Four Pillars of Assessment: Reliability

Published On: December 3, 20174 min read

By Stuart Kime

This blog post on assessment reliability was first published as a guest post on The Association of School and College Leaders’ (ASCL) website. In previous blogs we looked at fitness for purpose and validity of judgements and conclusions. In this blog, we turn our focus to reliability.

What is a reliable assessment?

Have you ever weighed yourself in the morning, and then again in the afternoon? If you did, you probably got slightly different readings each time. So how much do you weigh? Which is the correct reading (if either of them is indeed ‘correct’)? Most people answer this question with the obvious response (‘the lower one’), but at the heart of the issue is the reliability of the measurement: its accuracy and consistency over time, and context.

Reliability in the assessment of student learning is also about accuracy and consistency and, as a rule, the higher the stakes of the decision we want to make based on assessment information, the more accurate and consistent we want the information to be. High-stakes decisions need highly reliable information. As we saw with validity, a determination of how reliable an assessment needs to be is informed by its intended end uses.

How reliable is your assessment?

There are lots of factors which contribute to the reliability of an assessment, but two of the most critical for teachers to acknowledge are:

the precision of the questions and tasks used in prompting students’ responses;
the accuracy and consistency of the interpretations derived from assessment responses.

Designing questions and assessment processes which work in the same way for different students at different points in time is a skill to be honed, but one that can pay repeated dividends to teachers and their students.

No assessment is 100% reliable

An assessment is a means by which we can create a set of circumstances in which a student can represent their knowledge, skill and understanding in an observable form. Because it is a proxy for something unseen, and because interpretation is often part of making sense of the information derived from an assessment, error is always present in some form or other.

Some (of the many) sources of error include:

the assessor’s unfamiliarity with the topic being assessed
the assessor’s unfamiliarity with robust assessment practices
bias (teachers are human, after all!)
the subjectivity of the material to be assessed
the conditions in which students take the assessment

Improving assessment reliability

There are lots of ways in which classroom assessment practices can be improved in order to increase reliability, and one of the most immediate is to improve so-called inter-rater reliability and intra-rater reliability.

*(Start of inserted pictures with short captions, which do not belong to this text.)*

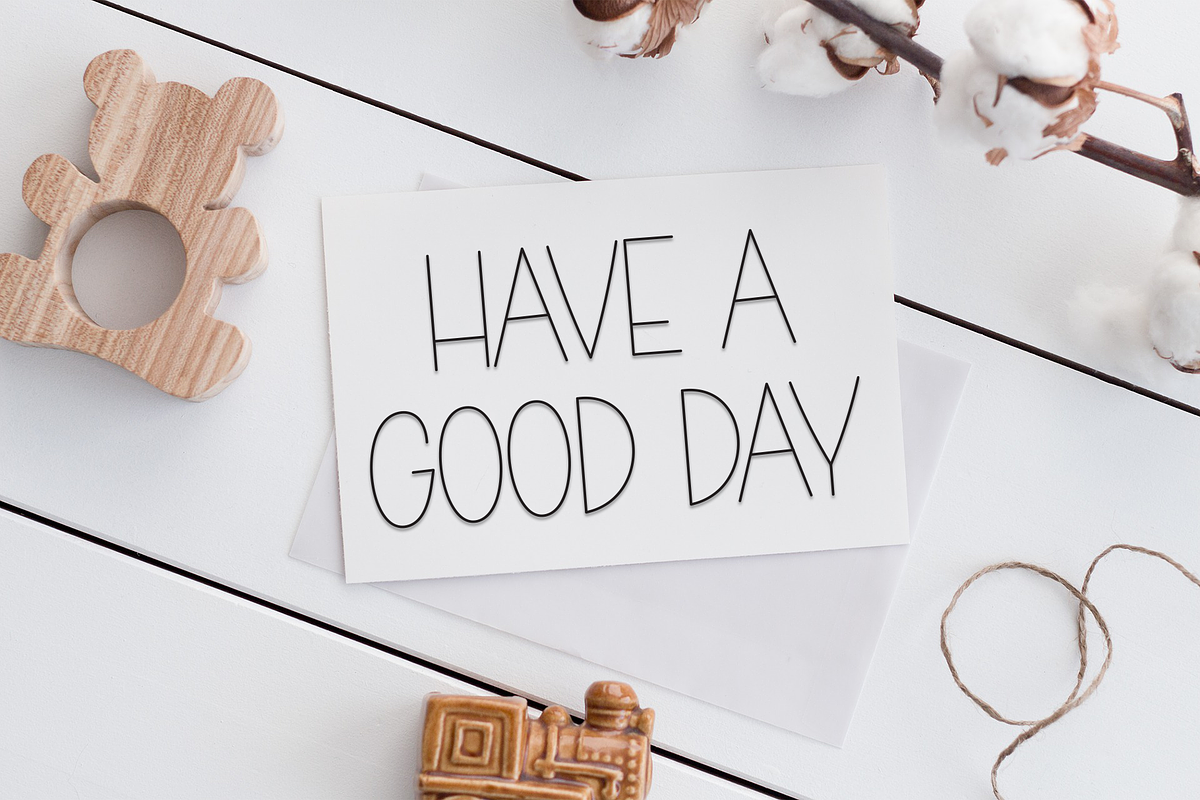 Minimalis | Script Font, a Script Font by Scratchones (Photo 4 of 8)
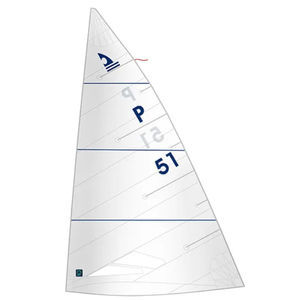 vela mayor 1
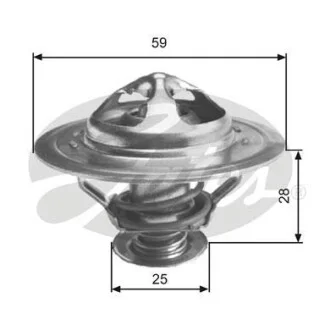 Термостат 90 °C Gates TH34590G1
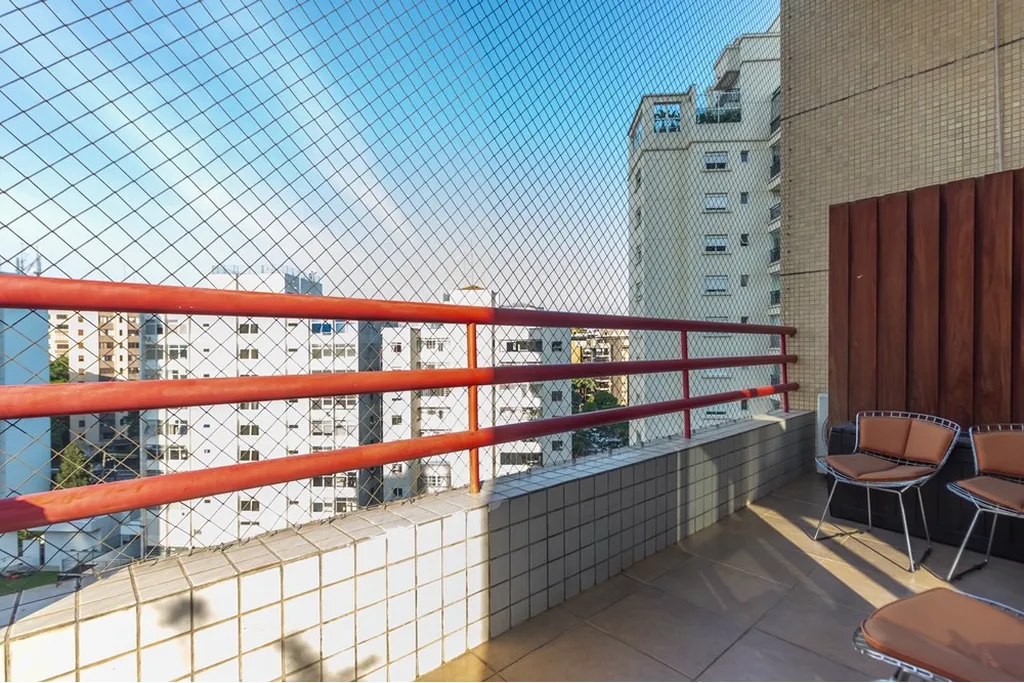 Imagem Apartamento à venda em São Paulo, Itaim Bibi, com 3 quartos, 170m2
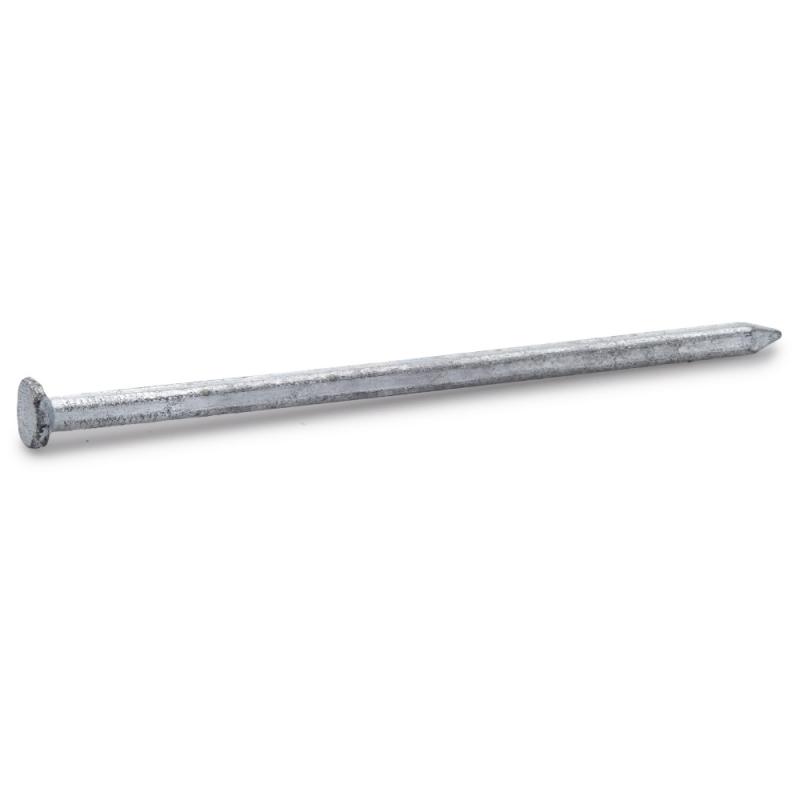 Trådsøm Galvaniseret 2,8x75mm 1200stk, Fast 290075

Inter-rater reliability: getting people to agree with one another on simple matters can be hard enough, so when it comes to complex judgements (such as whether the grades two teachers award independently for the same writing task are consistent with each other), reliability challenges arise.

Intra-rater reliability: most people acknowledge that it is difficult to achieve high levels of inter-rater reliability, but an often overlooked challenge also comes from the accuracy and consistency of one’s own judgements.

Imagine your responses to a set of different assessment tasks of the same quality, but at different times during the day, week, month and year. Particularly in areas of subjectivity – where judgement is needed – you can imagine how your decisions, comments and grading of assignments may vary dependent on time of day, hunger, how many other tasks you’re juggling in your mind, caffeine ingestion…

Improving rater reliability: improving reliability begins by acknowledging that assessments always have a degree of unreliability inherent in them. Improving reliability will improve the quality of the information derived from the assessment process, thus increasing its potential value to teachers and students. Below are three ways to improve reliability of assessment in school:

Use exemplar student work to clarify what success looks like in specific assignments: be explicit about these criteria;
Blind-mark assignments: this reduces bias and increases rater reliability
Blind-moderate samples of students’ work: this increases rater reliability and also offers a good professional development opportunity to share standards.

Given that information from assessments are used to make decisions about the needs and progress of pupils, shouldn’t we be able to answer the question “how reliable is your assessment?” And how many of us could?